I know these are lies created by Satan himself with the goal of causing me to turn from God but they are lies rooted in a certain sort of reality.
Tonight I have so many friends hurting, so many friends confused, so many friends feeling isolated and alone, as if God Himself had walked out on them. I can’t in good conscience justify the ways of God with them. Phillip Yancey writes in “Where is God When It Hurts, ” God does not condemn our moments of despair and unbelief.” We condemn people when we tell them to suck it up, or it could be worse, or whatever weak, human experiences we try to derive our answers from.
I guess what I’m trying to say I don’t want to have pat answers for people who are mad or doubting God. When doubt is present there is an epic battle brewing for someone’s soul and God is about to bring it down. But on the contrary if we try to get people to just accept how the things of this earth are instead of encouraging them to wrestle with angels and argue with God I’m not sure what kind of Christ-follower we are. Faith is messy. Faith is not easy. Trusting in the unknown can be tenuous at best. I heard recently basically if we try to have all the answers for everyone on the journey towards Christ they don’t get the chance to expand to their faith. I don’t want to leave them alone in their battle. But I want to try and walk along side of them encouraging them and letting them know they are not alone, God is faithful, and they will get through these situations. But how do you make that real for people without sounding petty?
I don’t have a lot of clear answers tonight and that’s probably a good thing. I guess, that’s really the point. The mystery of God and His will are still very much revealing themselves to me. But for myself and for others I desperately try to keep my gaze on Him and rest in the truth of His word. I’m realizing how very young and immature I am in my faith. I have much to learn. For now I’m still the child, trusting God will work out all that needs to be worked out.

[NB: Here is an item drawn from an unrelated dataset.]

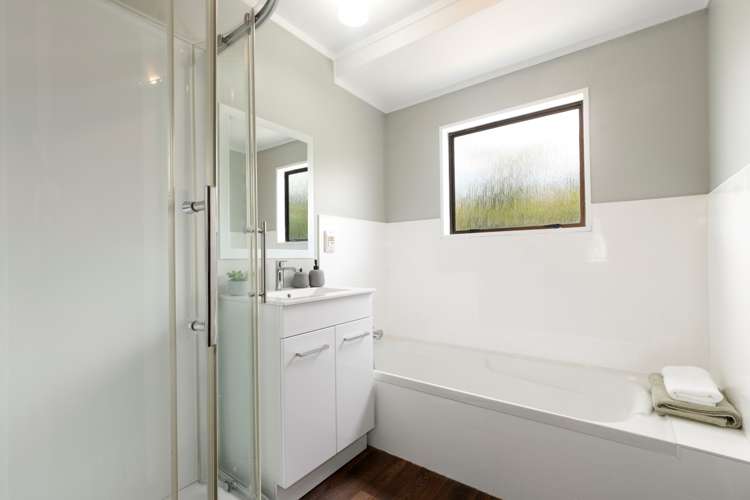 54 Heron Avenue East Matua_13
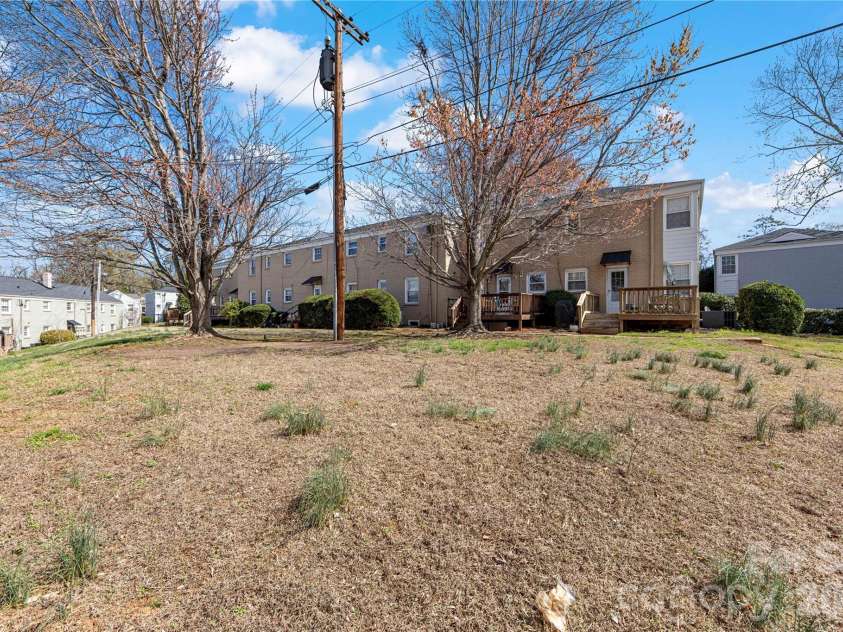 540 Wakefield Drive, Charlotte, NC 28209.  MLS# CAR4376835, YatesRealty ID 17425.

I will have nothing to do with a God who cares only occasionally. I need a God who is with us always, everywhere, in the deepest depths as well as the highest heights. It is when things go wrong, when good things do not happen, when our prayers seem to have been lost, that God is most present. We do not need the sheltering wings when things go smoothly. We are closest to God in the darkness, stumbling along blindly.
How do you minister to people going through crisis? How do you answer those tough questions of God’s will, His faithfulness, and His plan when all they can see is pain, frustration, and disappointment? What words do you have for the question, “Where is God?’